A related model involves buyers purchasing together, either occupying one single-family home or through an investor-like relationship. An example would be co-buying a home with parents or two siblings purchasing a home together.

Several proposals in the paper address the problem of student loan debt, which several recent surveys have identified as delaying homeownership significantly.  Perhaps the most immediate help could come through standardizing underwriting guidelines related to that debt. The authors cite income-based repayment (IBR) plans that can be beneficial in some cases but be difficult for other borrowers because lenders find it difficult to calculate debt-to-income ratios.

Providing simplified options for calculating monthly payments, taking into consideration any assistance borrowers may be getting in repaying the debt, and applying guidelines across all mortgage lenders could expand mortgage opportunities to more younger persons and avoid penalizing otherwise qualified borrowers with student debt.

The paper lays out several proposals for increasing usability and benefits from the current allowable student loan interest tax deductions.  However, since the bill before Congress at this time would severely limit what already exists, we will leave these suggestions for another time.

Perhaps the most innovative of the homeownership proposals is for a student debt mortgage.  As envisioned in the working paper, this would be a product that would consolidate existing student debt into a purchase money mortgage.

The new loan would carry a slightly higher interest rate than a traditional mortgage, but probably one lower than that of the student loan. This, combined with spreading the student loan balance over 30 years, would result in a single payment lower than the sum of two separate ones. This would free up cash to allocate to mortgage payments while reducing the debt-to-income ratio. There could also be tax benefits to rolling student loans into mortgages, especially for individuals in higher tax brackets. A mechanism akin to private mortgage insurance would be necessary for at least the uncollateralized (student loan) portion of the new mortgage. 

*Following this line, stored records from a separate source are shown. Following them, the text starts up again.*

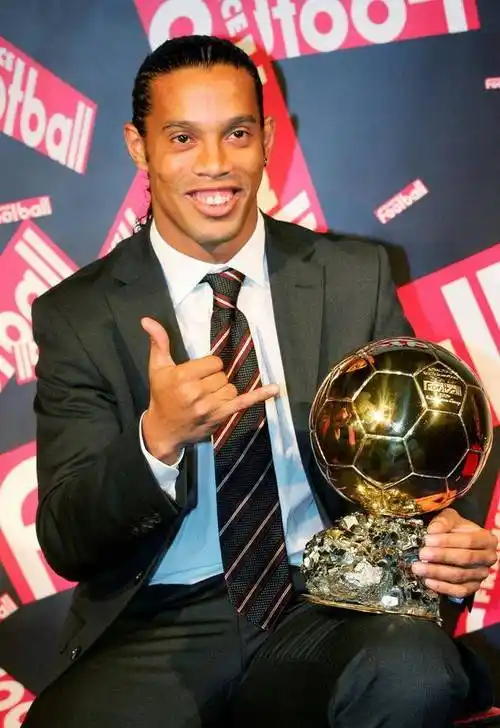 无数关注的 无数关注的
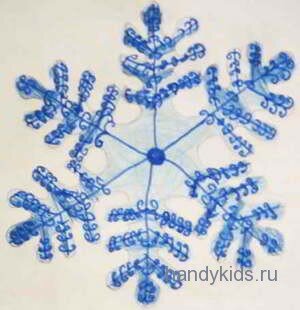Кудрявая снежинка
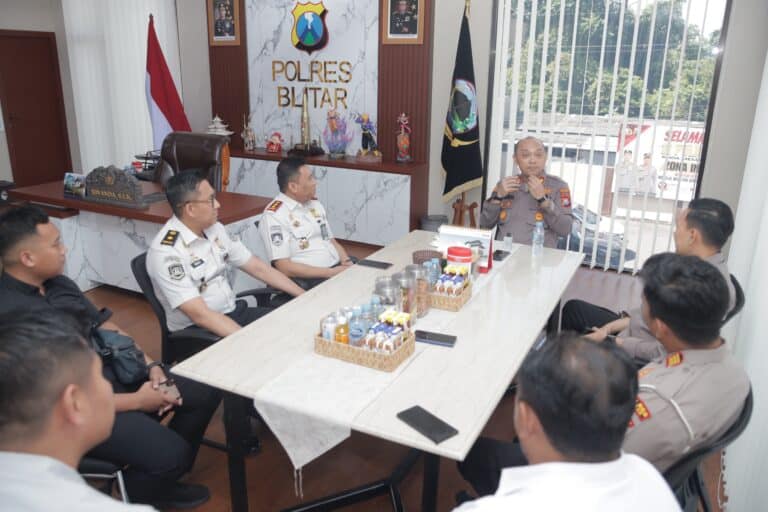 Patriapos Suasana hangat dan penuh keakraban saat Polres Blitar menerima kunjungan silaturahmi Kantor Imigrasi Kediri.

With student debt delinquencies comparatively higher than other debt types, a consolidated mortgage would also likely reduce late payments and improve credit profiles, thereby enhancing the ability of potential homebuyers to qualify for larger mortgages and trade up over the longer term. The policy would be especially effective in supporting younger, first-time homebuyers most burdened by student loans. With the composition of high-debt borrowers shifting to those with less earning potential during the past several years, the policy would also help bring more lower-income buyers into the market.

While this new loan type could make homeownership accessible to a larger number of student debt holders, the authors point to some factors that could deter borrowing and compromise successful implementation.  Federal student loans carry several protections and benefits that would be lost through consolidation. These include flexible payment plans based on income and the ability to defer payments if the borrower is out of work or returns to school. The 30-year lifespan of the mortgage, while partially offset by a lower rate, still increases the total interest paid on the debt.  

If the Rosen Group is correct, such a loan is a real possibility.  They see a lot of potential backers, the most likely being existing mortgage lenders but also recognize the need for a secondary market and probably for some government incentives and guarantees. The existing GSEs or a new agency, working independently or in partnership with a major student loan company, could serve as intermediaries to support a new market for the loans. The authors also see a growing number of fintech companies, some of which are already in the student loan refinancing and consolidation area, as another new source of originations. Some work in this area is already going on; they point to a new provision from Fannie Mae allowing borrowers with sufficient home equity to fold student loans into their home mortgages and another Fannie program, the Student Loan Payoff Refi, operated jointly with SoFi.